> [Problem to solve] Give back exactly the lines starting at the one with "ontdek de topkandidaten" and ending at the last line of the data below. Pictures are not part of the copy.

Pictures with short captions
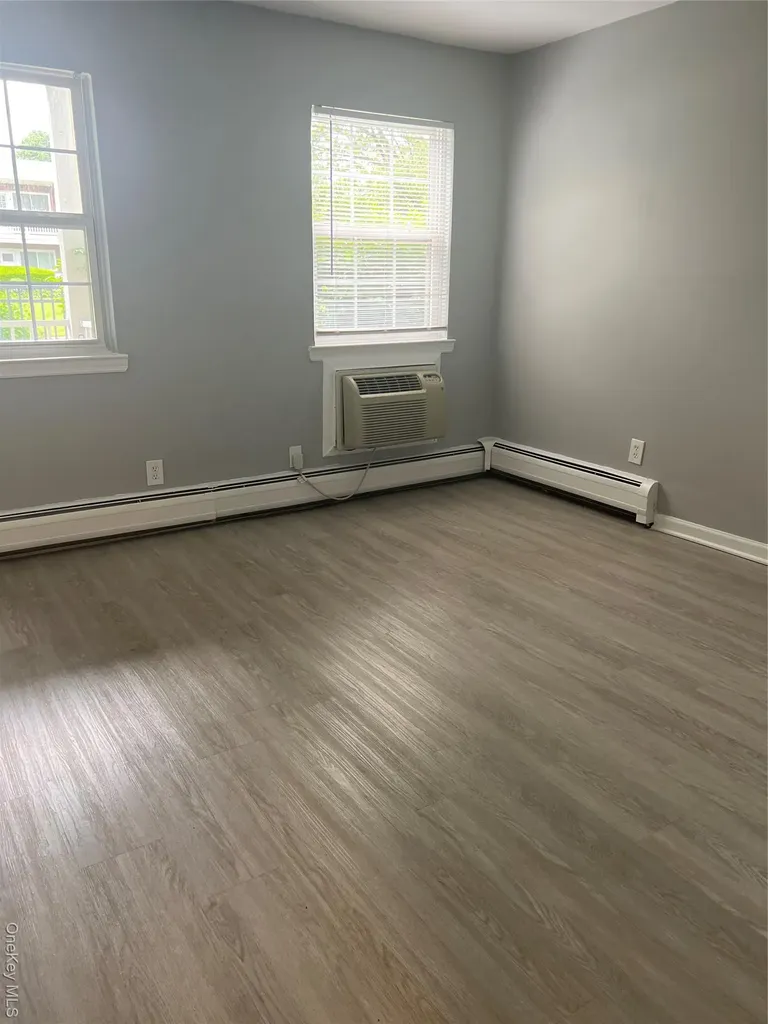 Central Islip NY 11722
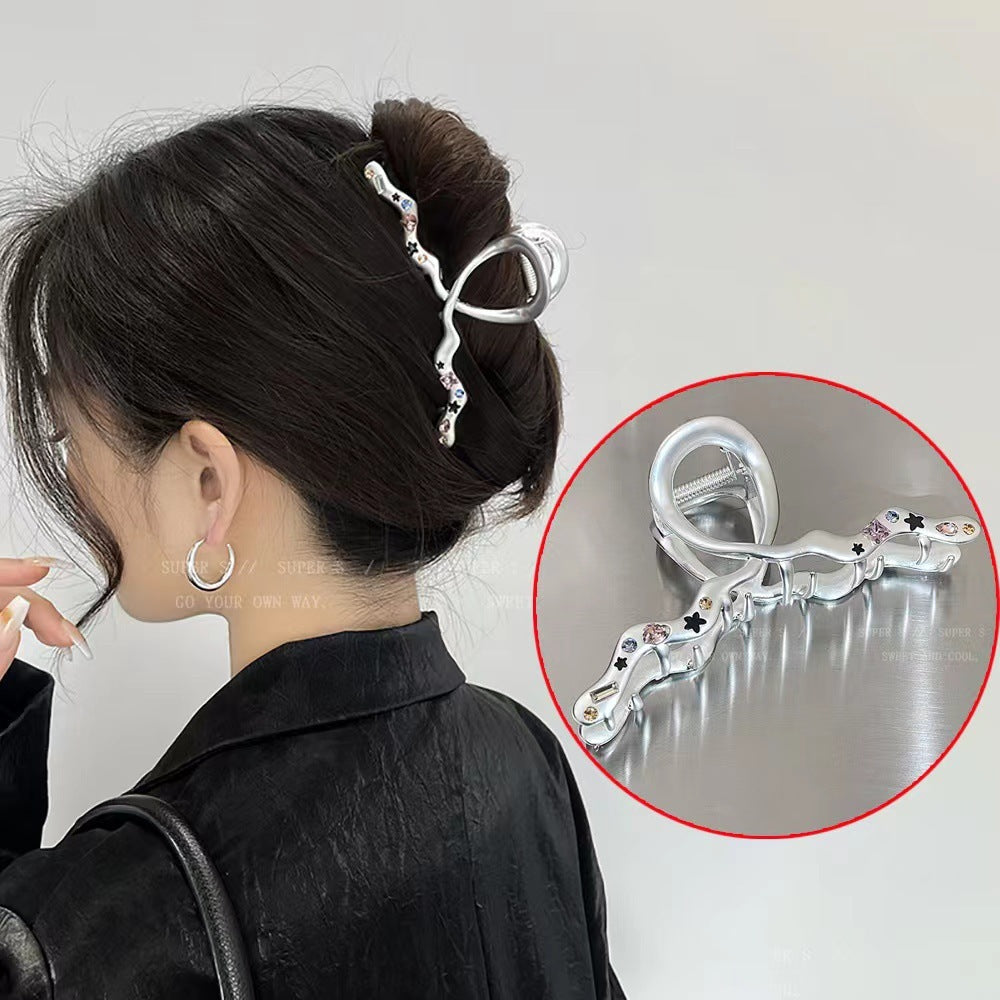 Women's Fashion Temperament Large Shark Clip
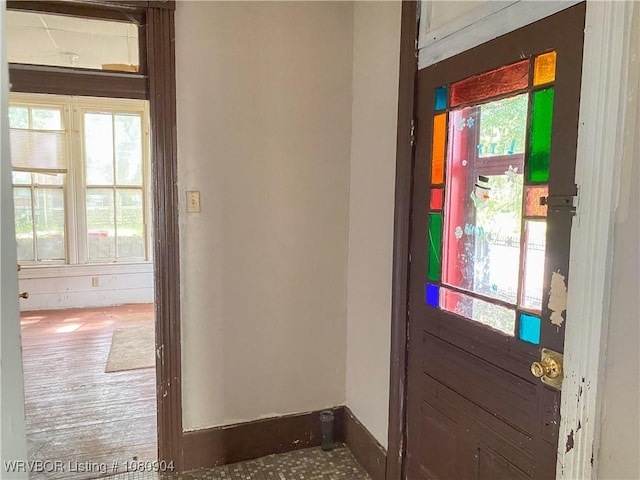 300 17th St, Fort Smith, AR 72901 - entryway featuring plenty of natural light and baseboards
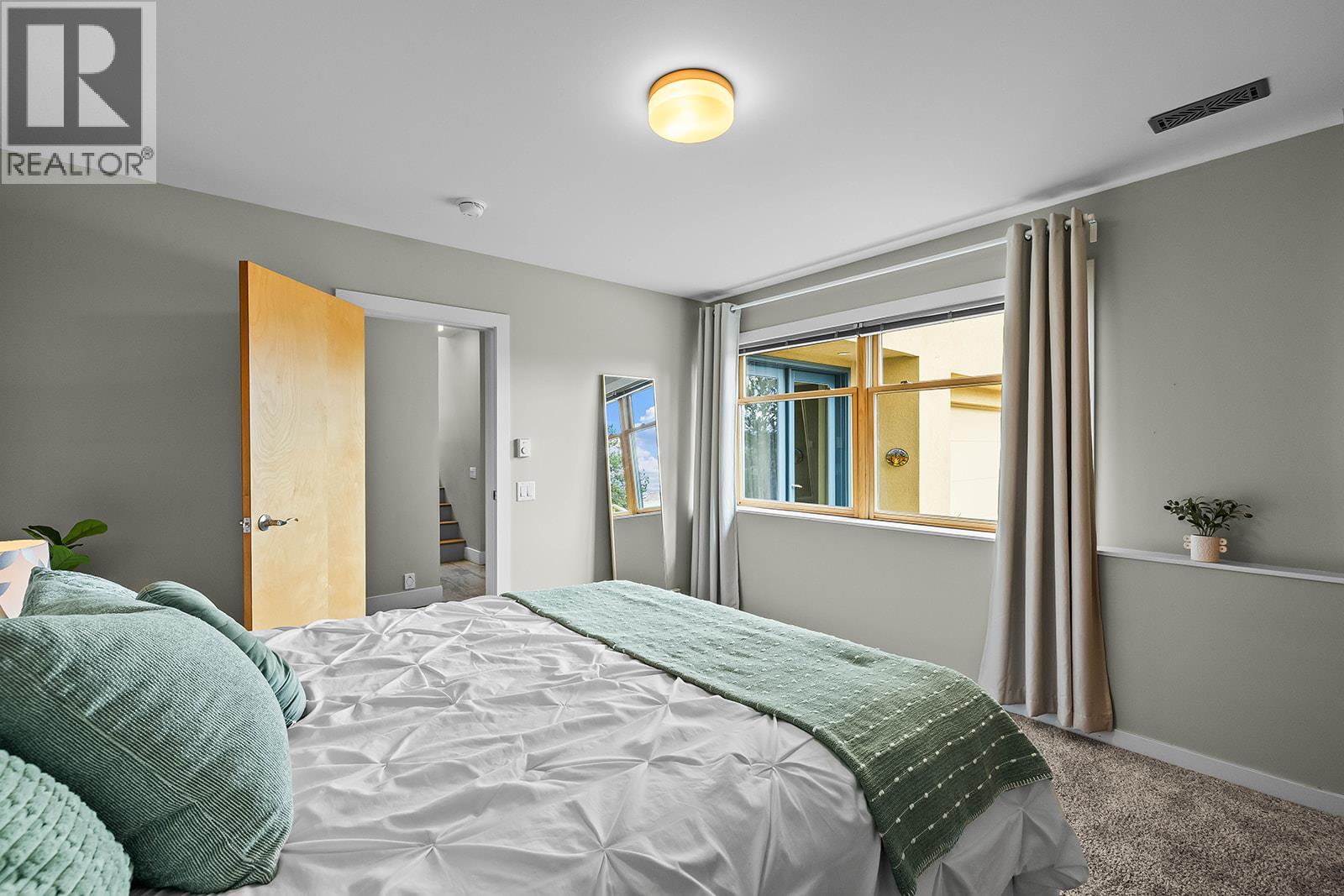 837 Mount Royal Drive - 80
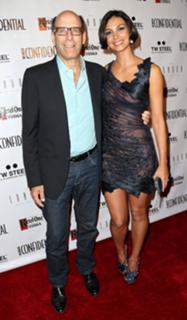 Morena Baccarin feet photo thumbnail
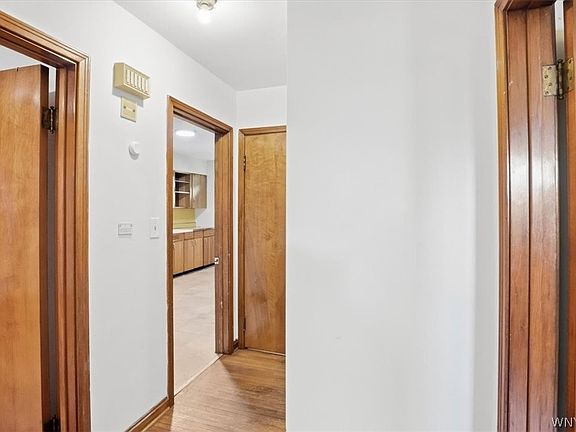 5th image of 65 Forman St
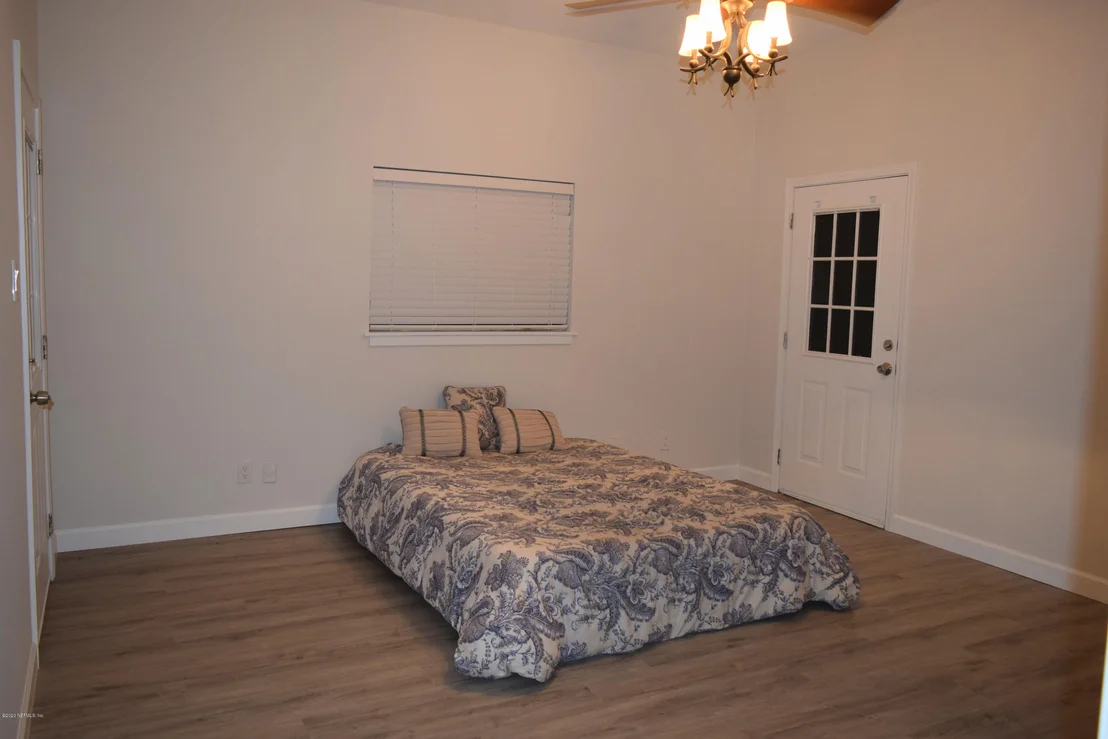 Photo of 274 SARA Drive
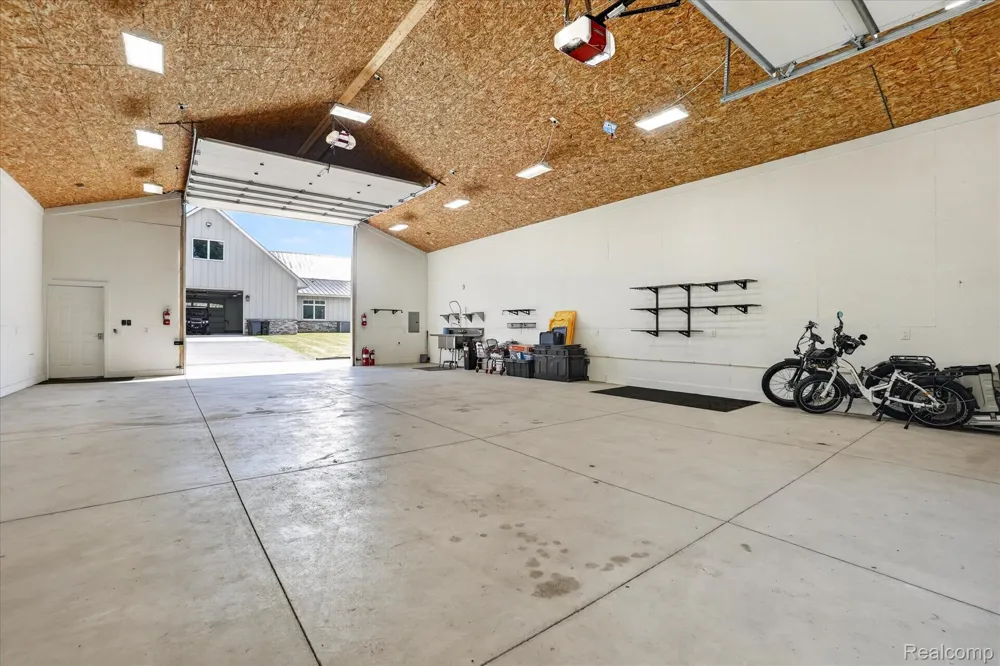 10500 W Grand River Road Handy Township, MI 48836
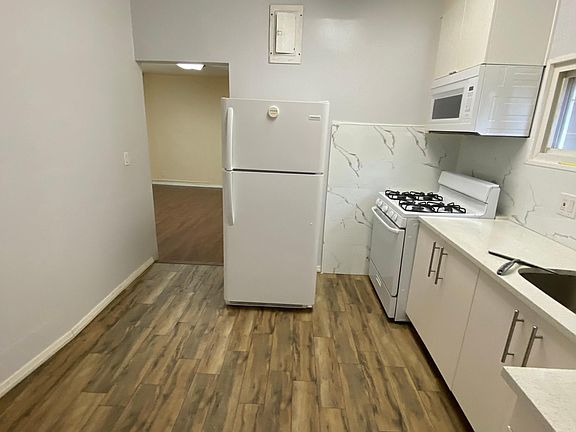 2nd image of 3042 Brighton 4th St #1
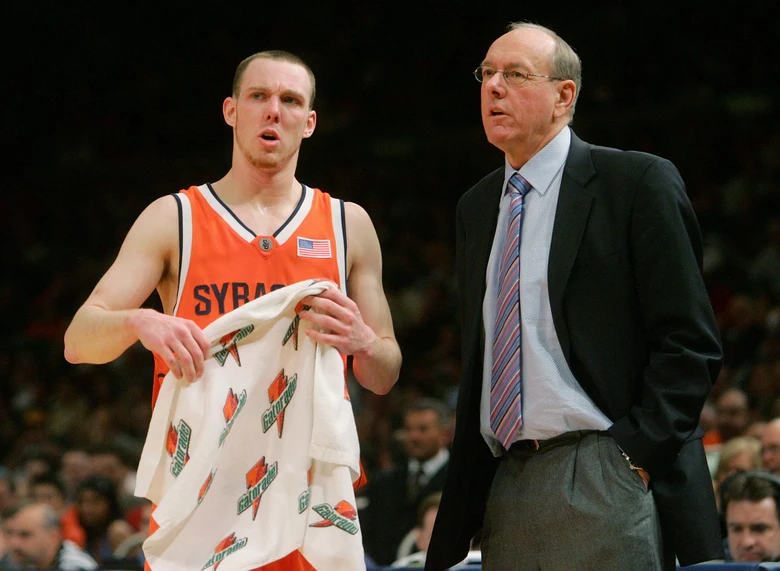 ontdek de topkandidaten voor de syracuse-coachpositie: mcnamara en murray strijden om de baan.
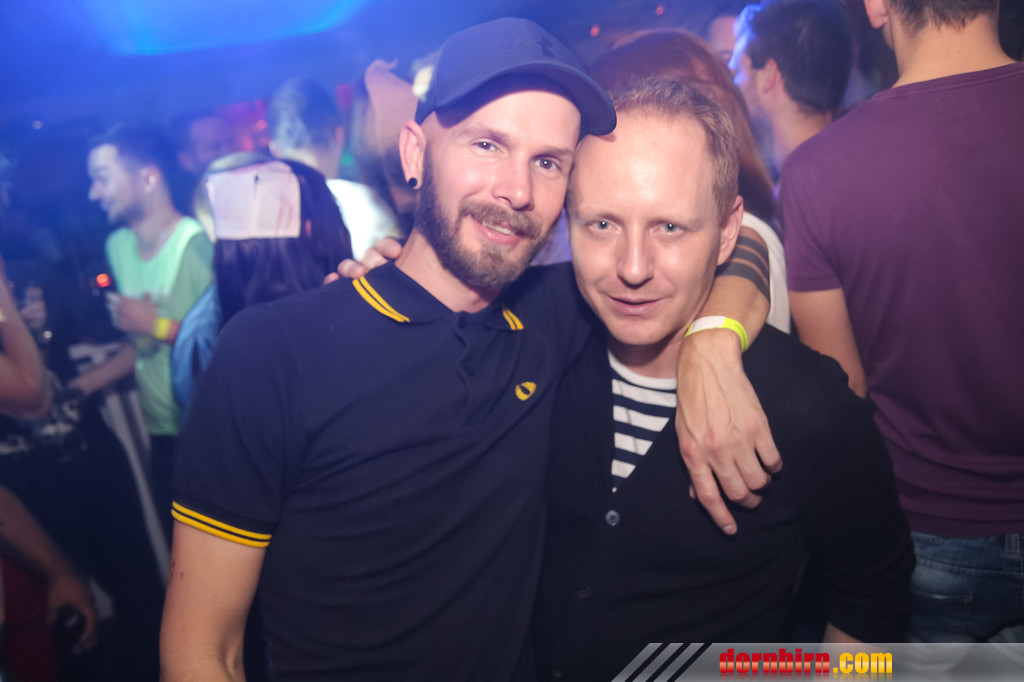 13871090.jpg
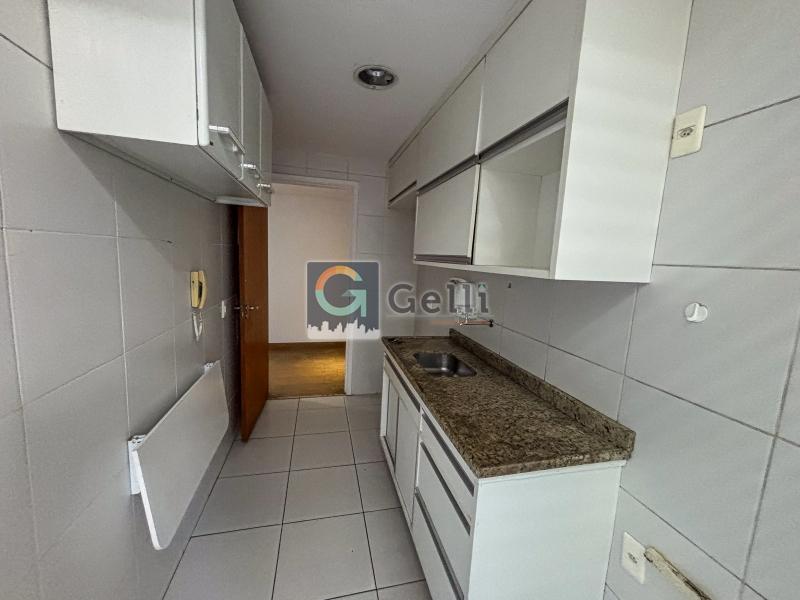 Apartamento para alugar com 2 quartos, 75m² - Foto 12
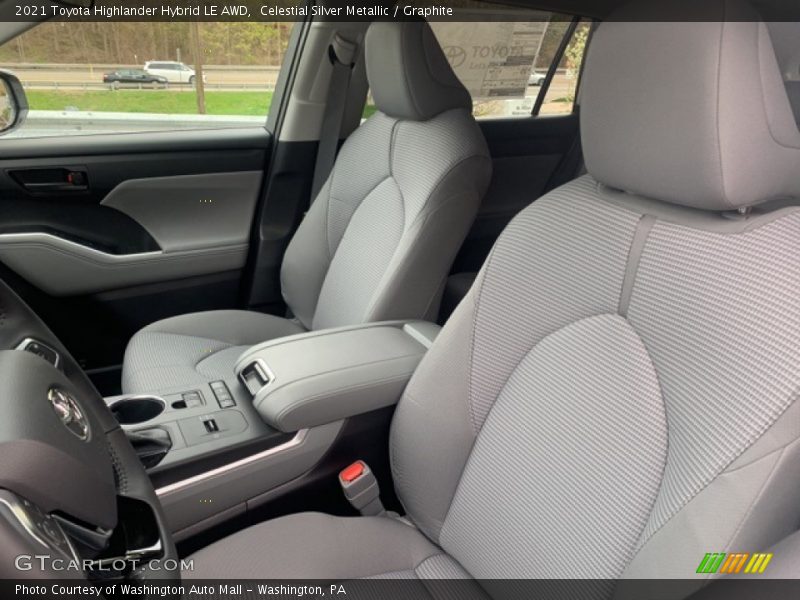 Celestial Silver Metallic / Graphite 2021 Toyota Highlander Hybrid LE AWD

> [Task solution]
 ontdek de topkandidaten voor de syracuse-coachpositie: mcnamara en murray strijden om de baan.
 13871090.jpg
 Apartamento para alugar com 2 quartos, 75m² - Foto 12
 Celestial Silver Metallic / Graphite 2021 Toyota Highlander Hybrid LE AWD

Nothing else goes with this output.